In 1870, when businessmen and developers Charles G. and Joel H. Wicker began constructing drainage ditches and laying out streets in their subdivision, they donated a four-acre parcel of land to the city to be used as a public park. Fencing the triangular site to keep cows out, the city created an artificial lake in the center of the park, surrounding it with lawn and trees. As the Wickers had hoped, the area developed into a fashionable middle- and upper-class neighborhood. In 1885, the city transferred Wicker Park to the West Park Commission. Five years later, the West Park Commission filled the park's lake, replacing it with lawn. Between 1892 and 1895, a fanciful fountain was installed in the park. The cut-granite fountain had an outer basin which still exists, lovely ornamentation, and floral urns. In the center was a cast-iron fountain with foliage motifs and small gargoyle faces from which water was sprayed. In 1908, Jens Jensen, then West Park System Superintendent, removed the cast-iron fountain and replaced it with a jet spray, converting the fountain into a children's wading pool. Jensen also built pergolas (trellis-like structures) and planted additional trees and shrubs in Wicker Park.
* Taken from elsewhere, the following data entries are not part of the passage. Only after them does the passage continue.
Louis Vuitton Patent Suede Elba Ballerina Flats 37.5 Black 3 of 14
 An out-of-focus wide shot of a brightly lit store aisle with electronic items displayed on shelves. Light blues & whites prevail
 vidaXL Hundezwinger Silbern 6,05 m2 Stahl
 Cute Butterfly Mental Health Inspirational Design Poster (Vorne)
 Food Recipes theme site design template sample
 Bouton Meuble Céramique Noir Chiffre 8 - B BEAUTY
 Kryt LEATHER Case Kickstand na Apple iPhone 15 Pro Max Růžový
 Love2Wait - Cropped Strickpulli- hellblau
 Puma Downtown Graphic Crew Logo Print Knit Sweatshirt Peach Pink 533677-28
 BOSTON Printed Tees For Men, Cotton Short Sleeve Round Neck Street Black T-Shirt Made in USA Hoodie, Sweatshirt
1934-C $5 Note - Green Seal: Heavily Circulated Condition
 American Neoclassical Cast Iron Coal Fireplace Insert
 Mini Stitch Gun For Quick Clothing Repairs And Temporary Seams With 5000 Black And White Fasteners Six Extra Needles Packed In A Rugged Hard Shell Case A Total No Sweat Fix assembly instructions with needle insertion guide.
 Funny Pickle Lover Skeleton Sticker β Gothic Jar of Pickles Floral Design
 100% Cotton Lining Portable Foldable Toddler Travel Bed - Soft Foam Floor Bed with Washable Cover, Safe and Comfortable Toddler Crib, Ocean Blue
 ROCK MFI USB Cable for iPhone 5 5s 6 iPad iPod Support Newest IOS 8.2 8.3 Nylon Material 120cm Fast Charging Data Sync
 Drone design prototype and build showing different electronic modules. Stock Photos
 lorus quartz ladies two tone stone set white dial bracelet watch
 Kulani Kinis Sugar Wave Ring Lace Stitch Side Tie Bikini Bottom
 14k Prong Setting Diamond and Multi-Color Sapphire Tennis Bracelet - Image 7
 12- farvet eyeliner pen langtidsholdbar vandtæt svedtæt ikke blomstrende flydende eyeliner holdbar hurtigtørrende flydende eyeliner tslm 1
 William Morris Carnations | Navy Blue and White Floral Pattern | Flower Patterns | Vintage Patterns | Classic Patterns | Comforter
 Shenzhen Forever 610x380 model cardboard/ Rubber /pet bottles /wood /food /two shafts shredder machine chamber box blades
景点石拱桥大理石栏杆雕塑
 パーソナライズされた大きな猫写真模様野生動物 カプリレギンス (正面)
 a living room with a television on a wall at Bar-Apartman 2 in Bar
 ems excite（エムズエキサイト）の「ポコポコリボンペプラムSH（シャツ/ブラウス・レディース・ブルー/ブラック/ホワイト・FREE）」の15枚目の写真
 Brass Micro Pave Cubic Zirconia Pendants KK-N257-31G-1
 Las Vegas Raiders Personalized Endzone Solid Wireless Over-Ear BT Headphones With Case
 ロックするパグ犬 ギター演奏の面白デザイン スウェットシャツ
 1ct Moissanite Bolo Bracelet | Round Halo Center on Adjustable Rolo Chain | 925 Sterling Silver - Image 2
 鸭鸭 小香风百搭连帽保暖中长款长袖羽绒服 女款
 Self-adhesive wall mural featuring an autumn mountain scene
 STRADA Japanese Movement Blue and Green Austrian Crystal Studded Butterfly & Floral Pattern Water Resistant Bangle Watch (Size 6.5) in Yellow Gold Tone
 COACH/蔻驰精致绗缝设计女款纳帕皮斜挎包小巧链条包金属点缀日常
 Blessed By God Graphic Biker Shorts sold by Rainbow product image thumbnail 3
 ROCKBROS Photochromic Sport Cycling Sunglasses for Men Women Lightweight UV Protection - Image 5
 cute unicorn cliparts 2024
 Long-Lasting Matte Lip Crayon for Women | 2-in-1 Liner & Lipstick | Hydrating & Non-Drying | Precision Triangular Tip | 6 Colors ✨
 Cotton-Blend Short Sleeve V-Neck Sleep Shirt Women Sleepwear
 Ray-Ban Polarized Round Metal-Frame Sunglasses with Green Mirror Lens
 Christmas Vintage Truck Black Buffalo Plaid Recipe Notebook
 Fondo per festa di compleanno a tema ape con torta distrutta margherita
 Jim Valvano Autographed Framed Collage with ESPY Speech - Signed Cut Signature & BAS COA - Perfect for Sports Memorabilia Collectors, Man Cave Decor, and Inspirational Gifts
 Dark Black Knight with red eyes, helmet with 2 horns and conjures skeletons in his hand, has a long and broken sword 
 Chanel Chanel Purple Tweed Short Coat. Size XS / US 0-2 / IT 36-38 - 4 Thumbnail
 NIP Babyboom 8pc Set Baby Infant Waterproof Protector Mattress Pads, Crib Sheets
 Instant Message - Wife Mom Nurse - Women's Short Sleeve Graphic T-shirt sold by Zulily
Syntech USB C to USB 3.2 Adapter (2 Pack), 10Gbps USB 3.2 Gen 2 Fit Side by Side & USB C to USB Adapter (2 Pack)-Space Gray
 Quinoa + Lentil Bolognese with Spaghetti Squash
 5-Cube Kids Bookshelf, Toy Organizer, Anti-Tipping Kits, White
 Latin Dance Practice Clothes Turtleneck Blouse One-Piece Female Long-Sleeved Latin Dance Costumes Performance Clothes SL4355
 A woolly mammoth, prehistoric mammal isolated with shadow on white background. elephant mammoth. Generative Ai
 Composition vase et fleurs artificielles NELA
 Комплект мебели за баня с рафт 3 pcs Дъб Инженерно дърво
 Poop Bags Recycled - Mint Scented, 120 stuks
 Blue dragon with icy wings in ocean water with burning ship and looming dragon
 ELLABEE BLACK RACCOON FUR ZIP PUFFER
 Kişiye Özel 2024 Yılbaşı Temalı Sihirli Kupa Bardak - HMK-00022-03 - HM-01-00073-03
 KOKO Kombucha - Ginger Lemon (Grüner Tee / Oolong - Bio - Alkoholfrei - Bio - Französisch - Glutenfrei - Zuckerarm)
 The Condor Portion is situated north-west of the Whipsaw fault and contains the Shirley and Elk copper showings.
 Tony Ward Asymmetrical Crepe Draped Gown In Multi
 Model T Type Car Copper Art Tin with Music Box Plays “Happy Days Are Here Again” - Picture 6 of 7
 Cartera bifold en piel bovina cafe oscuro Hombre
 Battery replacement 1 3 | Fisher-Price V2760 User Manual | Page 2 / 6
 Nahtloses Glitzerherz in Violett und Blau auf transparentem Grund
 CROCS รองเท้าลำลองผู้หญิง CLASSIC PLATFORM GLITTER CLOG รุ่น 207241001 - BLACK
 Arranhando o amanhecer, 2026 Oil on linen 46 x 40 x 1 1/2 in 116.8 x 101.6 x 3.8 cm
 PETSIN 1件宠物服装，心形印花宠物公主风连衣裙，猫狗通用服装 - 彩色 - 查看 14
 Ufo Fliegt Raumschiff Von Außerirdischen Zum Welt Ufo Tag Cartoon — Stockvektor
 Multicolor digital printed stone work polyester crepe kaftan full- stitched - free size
The West Park Commission was consolidated into the Chicago Park District in 1934. To provide additional programs, the park district soon constructed a small fieldhouse in Wicker Park. The building proved inadequate, and the park district replaced it with an attractive post-modern fieldhouse in 1985.
Throughout its history, the park has borne the Wicker family name. Having settled in Chicago in 1839, Charles G. and his brother Joel H. opened a wholesale grocery business. Charles went on to own two railroad lines, and to serve as Alderman, Cook County Supervisor, and Illinois State Legislator.